I don't know anything about the guns but the Tip will get bigger with time. After all it is being sandblasted too.

Is your gun similar to this one?
http://www.amazon.com/Sandblaster-Gun-Extra-Nozzles-Blasting/dp/B000FVEEU6

These guns are getting more popular, and the abrasive media is no longer just sand.
http://www.harborfreight.com/cpi/ctaf/displayitem.taf?Itemnumber=40925

Even Soda:
http://www.harborfreight.com/cpi/ctaf/displayitem.taf?Itemnumber=66742


----------



## vegerl (Apr 21, 2009)

*Sand blast gun clearification*

It's like this one. The orifice is before the nozzle and should not see much. if any, wear. I believe it controls the cfm throughput of the gun and the larger the orifice - the more sand is delivered. So long as the compressor can keep up. I am looking for someone with more experience to back me up or set me striaght.

http://www.amazon.com/Coleman-Powermate-009-0002CT-Air-Sandblast/dp/B000SZY9AO


----------



## PaliBob (Jun 11, 2008)

*re: machining orfice size*



> .... I can have two of them machined to match the largest one....


Veg, I don,t see why you're considering machining an orfice of a $20 Gun when as you say:


vegerl said:


> ......The orifice is before the nozzle and should not see much. if any, wear.


 If you want to know which size works best for you, since you have already bought the gun, why not just try it out for yourself?


----------



## JCAHILL4 (Nov 3, 2008)

PaliBob said:


> If you want to know which size works best for you, since you have already bought the gun, why not just try it out for yourself?



:thumbsup:


----------



## Maintenance 6 (Feb 26, 2008)

The inside of the nozzle will definitely wear as you use it. These are syphon type nozzles and are hardened. I would not try to machine them out. If your compressor will deliver the CFMs you need, then you are good to go. These guns are OK for a DIYer doing lawn furniture or a bike frame, or for use in a blast cabinet. For serious work you'll want a pressurized system that will accomodate different types of blast media, like plastic or walnut shells, etc. You must have a serious compressor. Syphon guns are notorious air hogs.


----------



## Rmankty (Aug 15, 2012)

Hello! This is the sight I've been looking for!
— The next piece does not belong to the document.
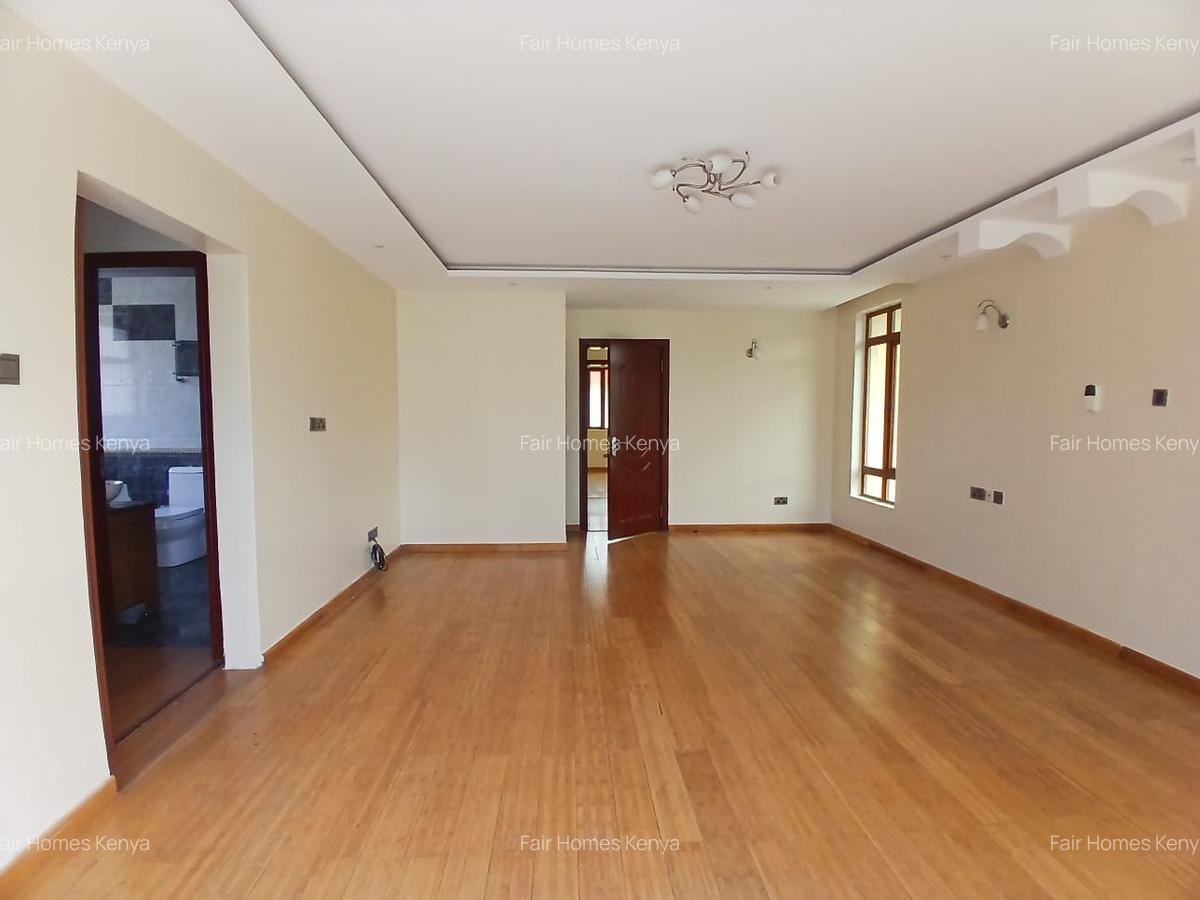 5 Bed Townhouse with En Suite at Lavington Green - 6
I dont have any experience with sandblasting except with a cabinet long ago.While I can see the benefit of owning one,the reason I am looking at buying one now is for a special purpose- to fill in a tunnel underneath the concrete driveway of my Mothers home. My question then is getting the best affordable equipment to fill this hole up, and I'll cap each end with concrete.The tunnel is approx 25 ft long 8" diameter.Then end of the gun is called the orifice? And you plug nozzles into that? I was told that I could shoot sand through the gun without a nozzle,would that gain diameter? I'm willing to spend enough to get a good compressor, maybe a pressure tank instead of a siphon/gravity feed hopper and a sandblasting gun that has the biggest orifice that is practical.plus hose and a respirator.The only other way I know to DIY on this is to buy/rent a hand grout pump with hose: or buy some poly expanding foam. Your help is appreciated,I thank you for it in advance!


----------



## joecaption (Nov 30, 2011)

The smaller the oriface the tighter the pattern.
Picture a garden hose, If there's no nozzle on the end you get flow and not much pressure. Add the nozzle and pressure goes up and flow goes down.


----------



## DexterII (Jul 14, 2010)

Assuming that you are serious, is this a culvert or a washout? If an actual culvert, and if the affected grading has been changed such that it can be abandoned, and you simply want to eliminate the possibility of skunks or whatever getting into it, you should be able to simply cap the ends, whether with concrete, rebar, etc. If it is a washout, I would suggest searching for a local mudjacking company. Trying to pack it full with a sandblaster does not make a lot of sense to me, and it seems like the cost of everything required to do so would exceed that of a more typical solution.


----------



## joecaption (Nov 30, 2011)

Crazy idea to to even try it.


----------



## Maintenance 6 (Feb 26, 2008)

A sandblaster is not the answer to filling in a void. If you are worried about the driveway collapsing, then you should pump it full of concrete slurry or grout. A sandblaster won't get it full. You'll have voids, plus the amount of work and air consumed to fill it would be outrageous.


----------



## Bondo (Dec 8, 2007)

Rmankty said:


> Hello! This is the sight I've been looking for! I dont have any experience with sandblasting except with a cabinet long ago.While I can see the benefit of owning one,the reason I am looking at buying one now is for a special purpose- to fill in a tunnel underneath the concrete driveway of my Mothers home. *My question then is getting the best affordable equipment to fill this hole up, and I'll cap each end with concrete.The tunnel is approx 25 ft long 8" diameter.*Then end of the gun is called the orifice? And you plug nozzles into that? I was told that I could shoot sand through the gun without a nozzle,would that gain diameter? I'm willing to spend enough to get a good compressor, maybe a pressure tank instead of a siphon/gravity feed hopper and a sandblasting gun that has the biggest orifice that is practical.plus hose and a respirator.The only other way I know to DIY on this is to buy/rent a hand grout pump with hose: or buy some poly expanding foam. Your help is appreciated,I thank you for it in advance!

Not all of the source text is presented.